Ken Richardson was born in Bourne, Lincolnshire. He was primarily an engineer and development driver but he did race and compete in rallies.
In 1949 Guy Anthony Vandervell ordered a Ferrari Tipo 125 Grand Prix car to be used in preparation for the upcoming BRM. The initially delivered Tipo 125 had a 1.5 liter supercharged V-12 and was raced by Raymond Mays and Ken Richardson in the International Trophy race that year. The car carried the “Thinwall Special”, named for Vandervell's bearing company. The car proved a handful and was crashed by Richardson. Vandervell returned the car to Ferrari and took delivery of a second Tipo 125.
He also drove in the British Grand Prix that year. Sharing the Ferrari with Mays they retired on lap 81 of 100.
In 1950 he went as the reserve driver to the Spanish Grand Prix but his services were not required. Peter Walker retired on lap 5 with a gearbox oil leak and Reg Parnell started slowly, passed 17 cars on the first lap and retired on the second when the supercharger drive shaft snapped.
In 1951 he was asked to stand in for Walker in the Italian Grand Prix. He qualified the BRM P15 V16 in tenth place but was not allowed to start when it emerged that he did not possess the correct racing licence. Hans Stuck was called in as a late replacement. However due to a multitude of problems the cars did not get any sustained high speed running until the morning of the race when it was discovered that the gearboxes were overheating and were at risk of seizing. The decision was taken to withdraw the cars to protect the drivers.
The F1 rules were changes at the end of 1951 and that was it for the v16 BRM, just as it was getting competetive. Richardson was then hired in 1952 by Sir John Black - who was in charge of the Standard Triumph company in the post war period - to develop the "Triumph Sports 20 TS" prototype make a true sports car; so the TR2 was born.
Richardson developed it from what he initially described as 'the most awful car I've ever driven in my life; it's a deathtrap', into a very usable sports car.
In May 1953 he drove one, fitted with a standard engine, to an average speed of 124,889 miles or 200,94 km per hour on the Jabbeke motorway. At that time an amazing speed for a volume production car with a 2000 cc capacity. The TR2 was not only as fast as his rival, the Austin Healey, but also cheaper to buy and more economical in use, an average 32 mpg petrol consumption or 6,9 liter per 100 km with a 2 liter engine is even today a model of economy.
The bellicose Black was ousted in a boardroom fracas, also in 1954. The TR line, by contrast, proved pretty venerable. The TR2 became the TR3 in 1956 after 8,628 had been sold, many in the US, and its hearty, homespun spirit survived until the last TR6 was built, 20 years later.

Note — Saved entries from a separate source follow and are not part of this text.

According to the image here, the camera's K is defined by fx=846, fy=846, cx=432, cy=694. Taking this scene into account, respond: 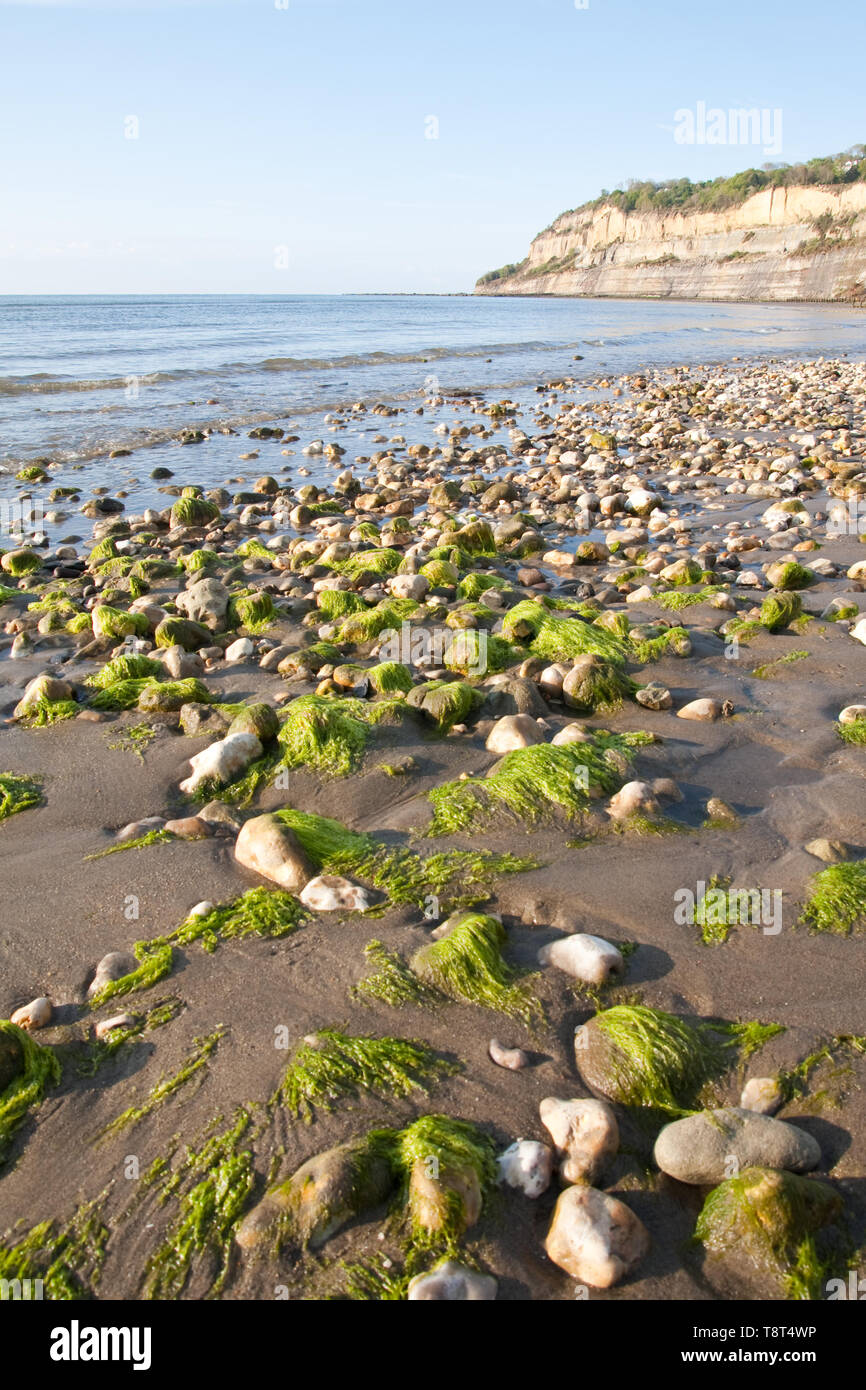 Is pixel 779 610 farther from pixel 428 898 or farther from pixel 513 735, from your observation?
pixel 428 898

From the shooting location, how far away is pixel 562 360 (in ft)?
92.2

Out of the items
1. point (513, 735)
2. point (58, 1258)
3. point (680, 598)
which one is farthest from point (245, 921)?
point (680, 598)

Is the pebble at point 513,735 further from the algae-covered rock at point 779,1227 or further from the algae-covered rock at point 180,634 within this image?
the algae-covered rock at point 180,634

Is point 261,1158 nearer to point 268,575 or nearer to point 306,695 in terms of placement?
point 306,695

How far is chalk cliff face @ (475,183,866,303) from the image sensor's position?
205 feet

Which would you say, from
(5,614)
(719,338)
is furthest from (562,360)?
(5,614)

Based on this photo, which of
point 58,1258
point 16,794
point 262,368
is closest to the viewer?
point 58,1258

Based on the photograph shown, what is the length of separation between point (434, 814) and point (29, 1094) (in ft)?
6.36

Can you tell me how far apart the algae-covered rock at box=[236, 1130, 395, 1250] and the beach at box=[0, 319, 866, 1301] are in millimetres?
11

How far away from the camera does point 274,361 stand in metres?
26.0

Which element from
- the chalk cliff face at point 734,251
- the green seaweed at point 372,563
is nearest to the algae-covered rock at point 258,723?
the green seaweed at point 372,563

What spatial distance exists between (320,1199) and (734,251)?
296 ft

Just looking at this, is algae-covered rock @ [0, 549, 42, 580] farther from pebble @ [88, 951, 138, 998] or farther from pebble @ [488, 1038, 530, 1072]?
pebble @ [488, 1038, 530, 1072] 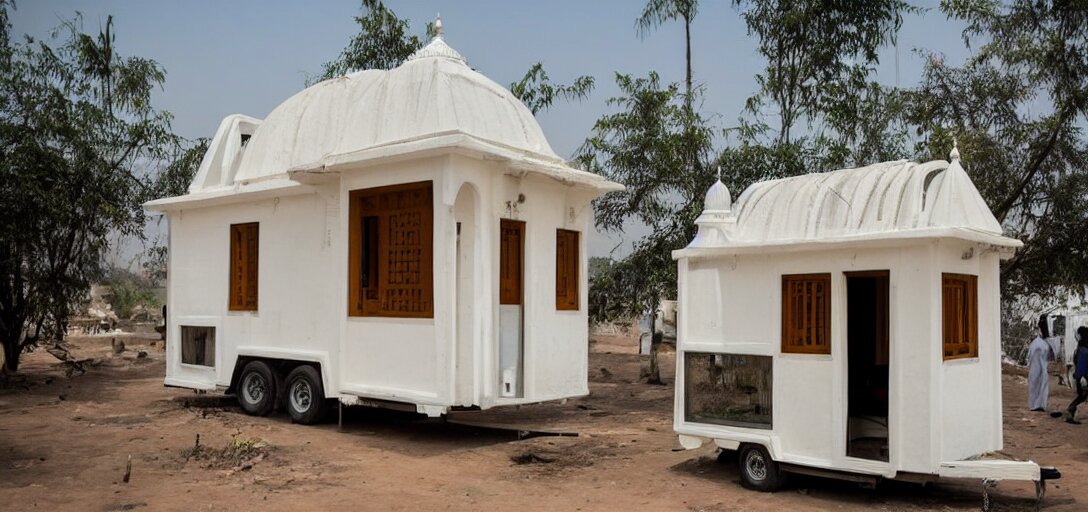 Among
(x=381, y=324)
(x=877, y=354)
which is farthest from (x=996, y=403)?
(x=381, y=324)

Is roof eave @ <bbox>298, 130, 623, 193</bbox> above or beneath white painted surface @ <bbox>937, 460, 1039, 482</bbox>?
above

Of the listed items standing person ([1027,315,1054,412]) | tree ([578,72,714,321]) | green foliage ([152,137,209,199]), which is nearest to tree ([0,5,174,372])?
green foliage ([152,137,209,199])

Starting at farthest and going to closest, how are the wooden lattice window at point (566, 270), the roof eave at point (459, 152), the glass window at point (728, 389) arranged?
the wooden lattice window at point (566, 270) → the roof eave at point (459, 152) → the glass window at point (728, 389)

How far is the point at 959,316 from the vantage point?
308 inches

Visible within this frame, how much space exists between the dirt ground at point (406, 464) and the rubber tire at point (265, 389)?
0.22 m

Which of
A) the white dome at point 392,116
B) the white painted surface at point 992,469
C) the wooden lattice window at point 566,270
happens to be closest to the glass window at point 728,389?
the white painted surface at point 992,469

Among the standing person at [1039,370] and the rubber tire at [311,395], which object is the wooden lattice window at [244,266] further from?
the standing person at [1039,370]

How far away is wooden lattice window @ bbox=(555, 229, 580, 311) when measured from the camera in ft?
40.0

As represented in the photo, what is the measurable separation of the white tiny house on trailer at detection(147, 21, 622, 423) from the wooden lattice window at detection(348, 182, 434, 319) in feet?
0.07

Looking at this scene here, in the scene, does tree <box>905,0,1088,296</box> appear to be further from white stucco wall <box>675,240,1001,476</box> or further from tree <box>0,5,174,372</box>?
tree <box>0,5,174,372</box>

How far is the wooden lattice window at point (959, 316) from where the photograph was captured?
25.0 ft

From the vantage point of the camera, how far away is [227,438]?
11.1m

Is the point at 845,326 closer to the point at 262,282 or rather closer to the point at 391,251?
the point at 391,251

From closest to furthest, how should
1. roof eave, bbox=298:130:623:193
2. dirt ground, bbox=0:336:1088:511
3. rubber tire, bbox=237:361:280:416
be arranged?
1. dirt ground, bbox=0:336:1088:511
2. roof eave, bbox=298:130:623:193
3. rubber tire, bbox=237:361:280:416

In May 1954 Maurice Gatsonides and Ken Richardson jointly piloted a TR2 to 27th overall in the Mille Miglia. A Competition Department was hastily established, with the first appearance of the works team to be the Alpine Rally barely eight weeks away. Although the company had no experience of either rally preparation of international events, the management hired Maurice Gatsonides (Monte Carlo Rally winner) and Ken Richardson, already on the staff, to head the project.
The first works events in 1954 were the Alpine Rally, and the Tourist Trophy race at Dundrod in Northern Ireland. The TR2’s reliability and competitive edge were apparent in those events. In their first Alpine rally, three TR2s won the team prize and just about every other class award open to them. In the Tourist Trophy race at Dundrod, six TR2s started (one works car and works support for the five others). All six finished, and the two teams of three won the first and second team prizes.
In 1955 he drove at Le Mans in a Triumph TR2 with Bert Hadley, finishing 15th overall.
Probably the most impressive outing for the early TRs was in the 1956 Alpine Rally. As Autocar described the event later that year, “Six cars were entered. They took five ‘Coupes des Alps,’ finished in the first five places in their class, and won the manufacturer’s team prize. The cars had swept the board of almost every prize open to them.” Unfortunately, the Richardson/Heathcote car had to retire when a rear wheel came off or the TR team might have tallied six Coupes des Alps.
The TR3S models were the first to use the famous Sabrina twin-cam engines at LeMans in 1959. The cars were dismantled after the race, and the chassis frames were modified to fit the TRS models raced in 1960 and in 1961, when they won the team prize for Ken.
In January 1962 Richardson was hired by TVR. Disillusioned by the Leyland takeover, Richardson's first brief was to send three cars to the Sebring 12-hour race in March. The cars were lightweight Mk11As with MkIII style bonnets and 1588cc MGA engines. Axle failure and engine failure eliminated two of them and the surviving car, co-driven by future American star Mark Donohue, could only manage 25th overall and eighth in class. Their extravagant racing programme whch included Le Mans and the Tulip Rally did not yeild results or increased sales and TVR Cars Ltd went bankrupt in October of that year.